No Gordon game this last Saturday due to the Interleague game but, when I wrote last week that our next game will be against our “oldest rival” I feel I should explain exactly what I meant.

This Saturday 25th May 2019 Gordon play Dunnstown at Dunnstown. The contest will be one month short of 125 years since the two clubs first met on the 16th June 1894.

Below you will find the 1894 Gordon, Egerton & Ballan Advertiser reports interesting, informative and entertaining.

The respect, conflict, admiration, battles, blood, sweat and tears were obvious at that very first game 125 years ago and are still evident today.

Co incidentally, after being in an eight year recess, Gordon’s first game in 1962, was also against, you guessed it, Dunnstown at Dunnstown.

I’m certain we all have many memories to share and you are encouraged to travel up to the Dunnstown oval to support The Eagles and witness one of the oldest rivalries in local history. Irrespective of ladder positions these games are always well worth attending.

Hope to see you there.

Go Eagles!!!






“The Gordon Egerton & Ballan Advertiser” Friday June 15, 1894

A match will be played on Saturday 16th June between Gordon and Dunnstown clubs on the latter’s ground. As this is the first match for the trophy great interest is taken in it. The Gordon club had a practice on Wednesday afternoon, when several new players were tried, who will greatly strengthen the team.


“The Gordon Egerton & Ballan Advertiser” Friday June 22, 1894


These clubs met on Saturday last to play their first match for the Dunnstown Football Trophy, the match taking place at Dunnstown and resulted in a victory for the Gordon team by 3 goals 3 behinds to Dunnstown’s 2 goals 7 behinds. The match has for some time past been looked forward to with considerable interest, chiefly on account of a rumour circulated in Gordon that the Dunnstown team, composed of men averaging not less that 14st. each, who were prepared to wade knee-deep through their opponents’ blood rather than suffer a defeat at their hands. Happily, however, this proved to be a stretch of someone’s imagination, and though Dunnstown was by far the heavier team, the Gordonites’ fast and combined play compensated for their opponents superior weight.

The game was a fairly even one, as the scores show, and the umpire, Moloney, though considered by some to be unnecessarily strict, gave general satisfaction. The most serious accident of the day happened to P. Ryan, captain of the Gordon team, who, in the third quarter, got a nasty kick in the chest, which left its mark in the shape of an imprint of a No. 10 boot. But with characteristic pluck Paddy was soon on his feet again and following the ball as lively as ever. The following is a brief account of the play :-

First Quarter – Soon after the bell was rung, the ball was rushed to the Dunnstown territory and Harris kicked first goal for Gordon. T McCulloch almost immediately after followed with a behind. Play was then rather slack until near the last of the quarter, when P. Ginane kicked first behind for Dunnstown, and soon afterwards kicked a goal. Mercer kicked another behind, and when the bell rang the scores stood –

Gordon, 1 goal 1behind; Dunnstown, 1 goal 2 behinds.

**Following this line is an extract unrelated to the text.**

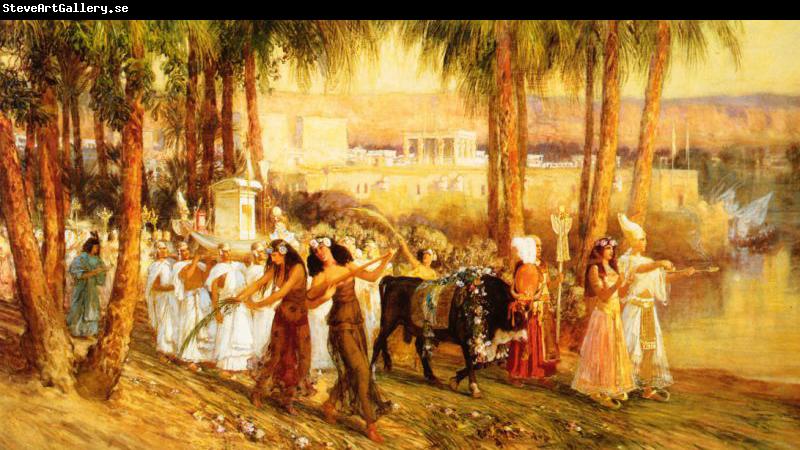 Frederick Arthur Bridgman Procession in Honor of Isis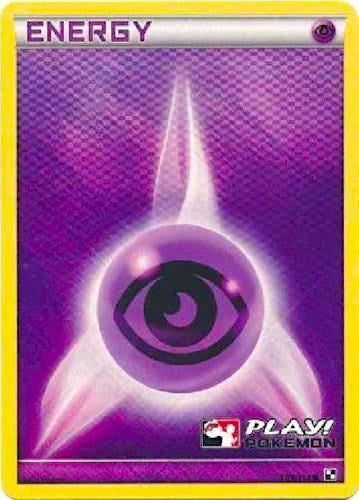 Image for Psychic Energy - 109/114 (Play! Pokemon Promo) (109/114) (League & Championship Cards) - Pokemon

Second Quarter – Play was a little more even and nothing was scored until the quarter was half over when Green scored behind for Gordon and J Ryan then scored another behind, and on the ball being kicked off Greene got a mark right in front and scored Gordon’s second goal, Dunnstown then rushed a behind, and when half-time was called the scores stood –

Gordon, 2 goals 3 behinds;Dunnstown,1 goal 3 behinds.

Third Quarter – Play got perceptibly rougher, and some of the Gordon boys got rather knocked about. Fox presently got hold of the ball and by a good kick placed third goal for Gordon. This last goal was evidently the last straw that “broke” the camel’s back, and the Dunnstownites began to show their superior weight, but the Gordon boys pluckily held their own until the quarter ended, neither team scoring. The game now stood –

Gordon, 3 goals 3 behinds; Dunnstown, 1 goal 3 behinds.

Last Quarter – Dunnstown went at it with a rush and succeeded in keeping the ball at the Gordon end, until within ten minutes of finishing play, but they were evidently disheartened, as they had no less than five shots for goal one after the other; but they all went wide of the mark with the exception of one kicked by P Moloney which went through the sticks and left Dunnstown but one in arrears. P. Gilane [sic](Ginane) especially had hard luck as he kicked no less than four behinds during the game. During the last ten minutes play Gordon got the ball under control again and kept it away from their opponents goal until time was called.

Final scores –

Gordon,3 goals 3 behinds; Dunnstown, 2 goals 7 behinds.

Goalkickers – Gordon – Harris, Greene, Fox; Dunnstown – Moloney and Gilane [sic](Ginane).


We acknowledge the reports from Dunnstown’s Centenary book

“From Saplings to Goal Posts” published in 1994.